▸ WHAT IS EXPECTED
Set every line of the data down again exactly, and keep the pictures out.

Captioned web images:
▬▬▬

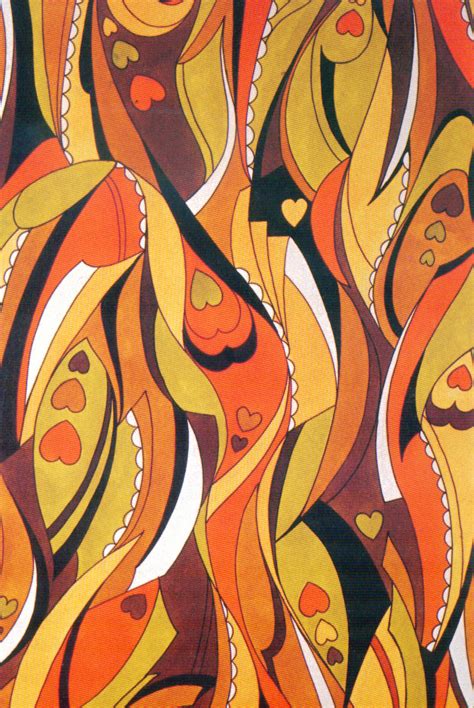 Check spelling or type a new query. Textile Designer: fabric patterns,floral patterns ...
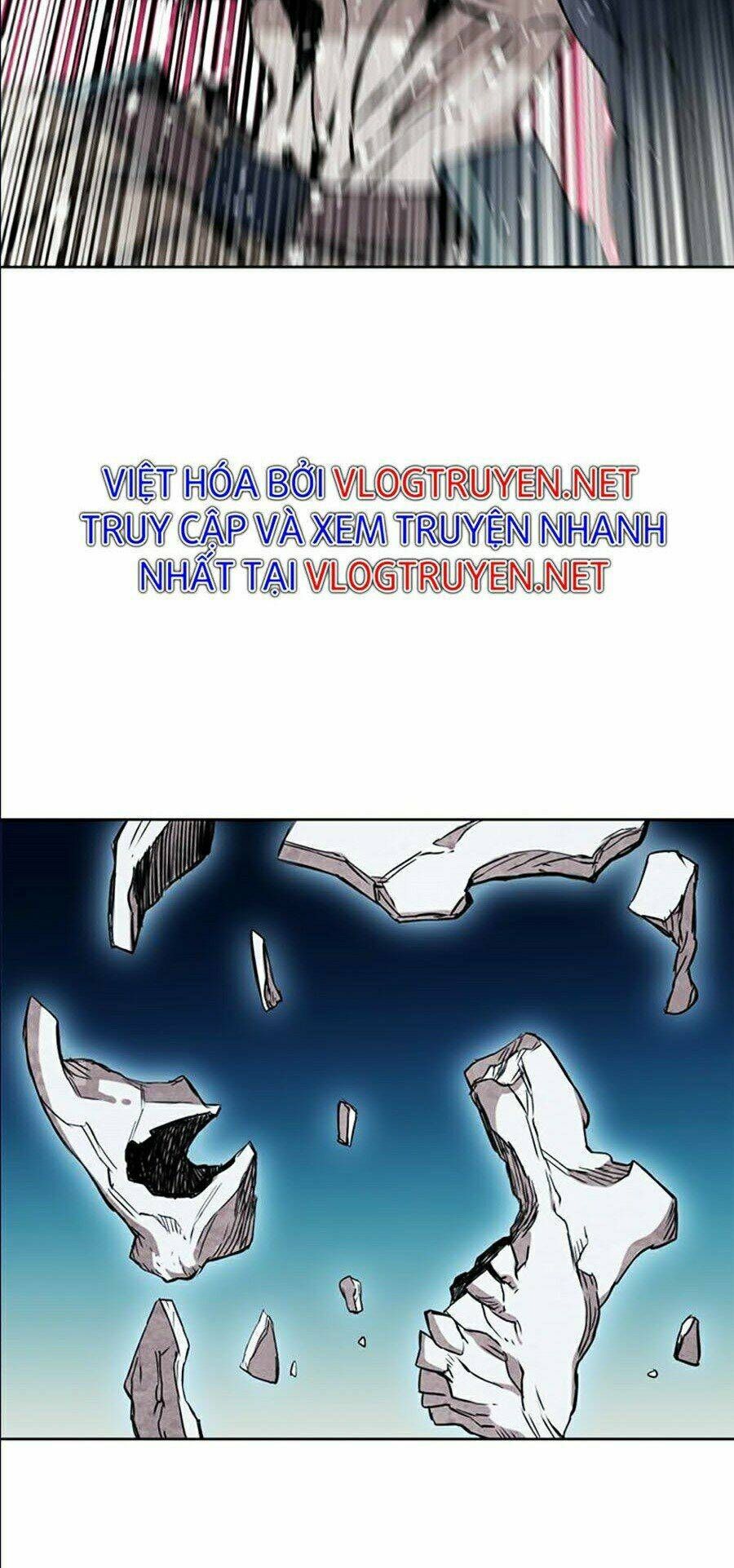 đọc truyện Druid Tại Ga Seoul - Người Hóa Thú Chương 18 ảnh 75 tại Thiên Thai Truyện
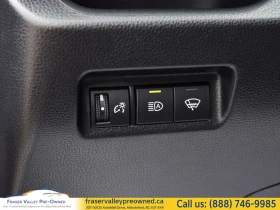 Toyota Rav4 | Mobile.bg � ����� ������ 14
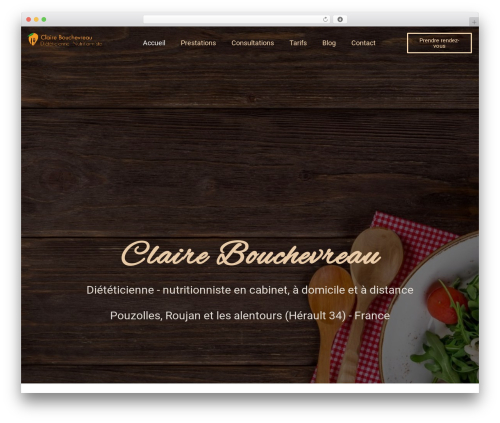 Boostify Header Footer Builder for Elementor (boostify-header-footer-builder) free WordPress plugin - claire-dietetique.fr Boostify Header Footer Builder for Elementor (boostify-header-footer-builder) free WordPress plugin - claire-dietetique.fr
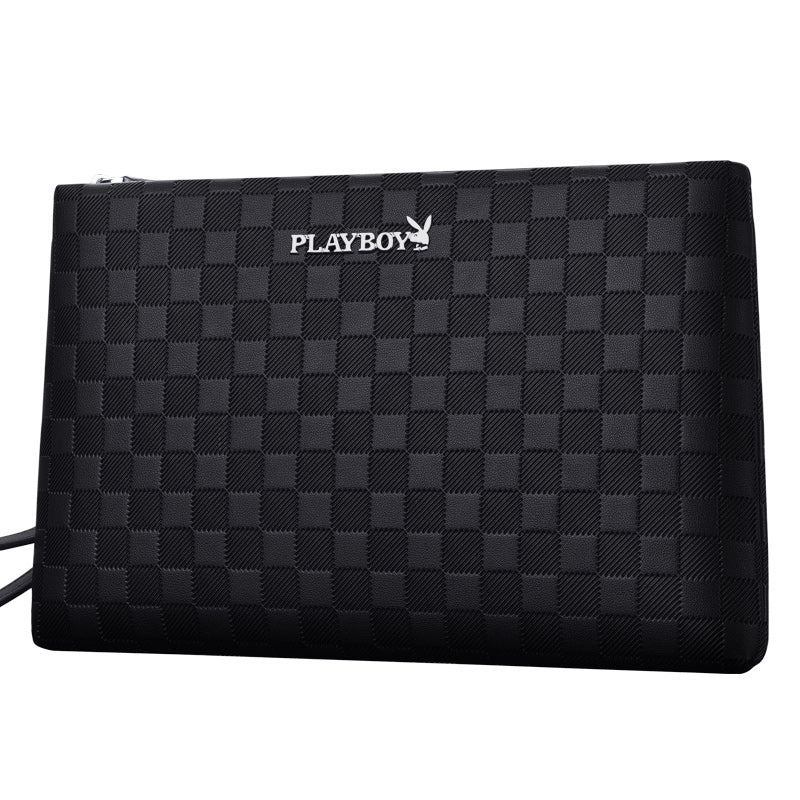 Erkaklar uchun Playboy klatchi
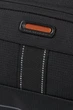 Дорожня Сумка American Tourister AT WORK NXT BLACK 40x30x20 MK6*09001 - зображення 6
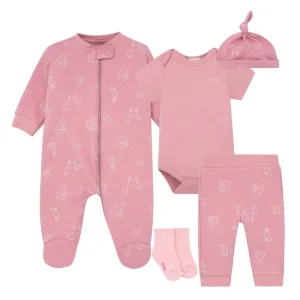 SET PRIMER DIA 3212474 OFFCORSS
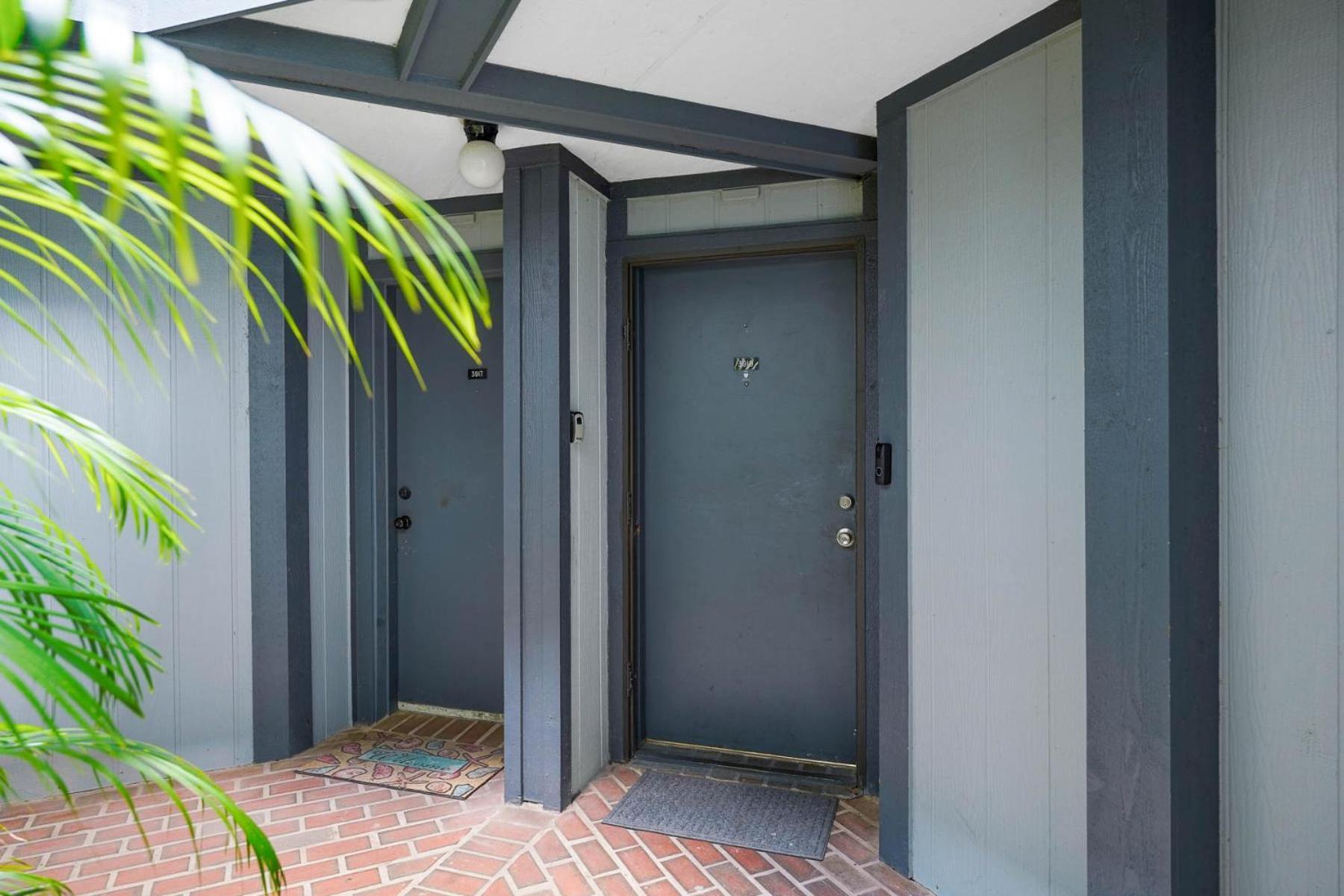Orlando Vacational Apartment 3919 Exterior foto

▬▬▬

▸ WRITTEN ANSWER
 Check spelling or type a new query. Textile Designer: fabric patterns,floral patterns ...
 đọc truyện Druid Tại Ga Seoul - Người Hóa Thú Chương 18 ảnh 75 tại Thiên Thai Truyện
 Toyota Rav4 | Mobile.bg � ����� ������ 14
 Boostify Header Footer Builder for Elementor (boostify-header-footer-builder) free WordPress plugin - claire-dietetique.fr Boostify Header Footer Builder for Elementor (boostify-header-footer-builder) free WordPress plugin - claire-dietetique.fr
 Erkaklar uchun Playboy klatchi
 Дорожня Сумка American Tourister AT WORK NXT BLACK 40x30x20 MK6*09001 - зображення 6
 SET PRIMER DIA 3212474 OFFCORSS
Orlando Vacational Apartment 3919 Exterior foto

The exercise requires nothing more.